Well from what ive seen of her and held of her shes pretty tame but unfortunately she went down for hibernation again a few days ago.


----------



## reptastic (Feb 14, 2010)

TanMan57 said:


> nemo66 said:
> 
> 
> > lol my black nose is a sibling to zero. i need to ask bobby who the parents of my red are though i forgot to ask him. hopefully we will have matching siblings lol. how is the handling going with the red? mine is a little sketcher than my black nose who is amazingly tame for a baby. i wish mine would have avoided hibernation like yours it just snowed here yesterday so i think they know what the weathers like even though their cage is totally warm, they still hibernate. they have come out for about 2 hours today though and taken some ground turkey and eggs. she is a beautiful baby by the way
> ...



dont you just hate when that happens, achilles did the same thing only to wake up a few weeks later. now he is up eating almost everyday!


----------



## TanMan57 (Feb 14, 2010)

reptastic said:


> dont you just hate when that happens, achilles did the same thing only to wake up a few weeks later. now he is up eating almost everyday!

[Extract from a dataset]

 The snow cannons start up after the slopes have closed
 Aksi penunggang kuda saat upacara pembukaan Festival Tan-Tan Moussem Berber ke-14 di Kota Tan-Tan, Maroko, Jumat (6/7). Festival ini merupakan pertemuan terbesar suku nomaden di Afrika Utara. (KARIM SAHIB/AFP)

Yea I really do! but I didnt want her sleeping so I put scrambled eggs in and she woke up and ate them all and was up all night after that and just a couple of minutes ago went back to bed.


----------



## reptastic (Feb 14, 2010)

thats what nero does she wont eat til late in the evening and is up all night and sleeps all day(even though there is no lights on) someone needs to tell them that they are dinural and not nocturnal lol


----------